Oleh: Prof. Dr. H. Sugianto, SH, MH
(Guru Besar Ilmu Hukum IAIN Syekh Nurjati Cirebon)
SAYA menyarankan kepada Prof, Aswanto, SH, MH sebaiknya tidak meninggalkan Mahkamah Konstitusi (MK), karena DPR RI dalam hal Ini Komisi III tidak konsisten dengan regulasi yang dibuatnya sebdiri.
Layaknya “Kau yang bentuk kau yang langgar”, bukankah Undang-Undang (UU) harus ditaati dan diimplementasikan, sehingga aturan yang dibuat harus dipahami oleh siapapun termasuk oleh pembentuk UU, yakni DPR dan Pemerintah.
DPR RI dalam hal ini Komisi III telah memberhentikan hakim Mahkamah Konstitusi dari jabatannya adalah cacat hukum dan keanggotaan sebagai Hakim Mahkamah Konstitusi karena DPR telah melanggar Konstitusi UUD NRI 1945 Pasal 24 C
Dalam Pasal 24C Ayat 3 UUD 1945 ditegaskan bahwa sembilan orang anggota hakim konstitusi yang ditetapkan presiden, diajukan masing-masing tiga orang oleh Mahkamah Agung, Dewan Perwakilan Rakyat (DPR) dan Presiden. Terdapat sejumlah syarat yang harus dipenuhi oleh hakim konstitusi.

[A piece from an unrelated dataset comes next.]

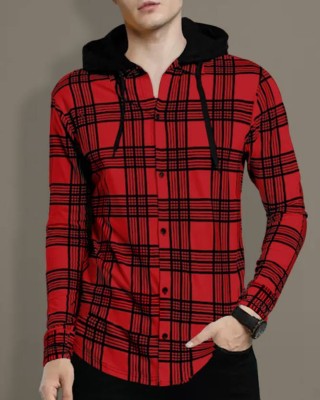 EMERALD Checkered Men Hooded Neck Red T-Shirt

Walaupun Kedudukan Hakim MK yang berjumlah sembilan orang, hakim Mahkamah Konstitusi yang dari DPR RI, Prof. Aswanto, SH, MH sebagai Hakim MK RI yang dipilih dan diusulkan oleh DPR RI, namun tidak bisa DPR RI memberhentikan Hakim MK begitu saja dengan alasan tidak konsisten terhadap produk hukum yang dibentuk oleh DPR karena Hakim MK harus profesional, independensi dan negarawan. Hal tersebut perintah UU No. 24 Tahun 2003 tentang Mahkamah Konstitusi.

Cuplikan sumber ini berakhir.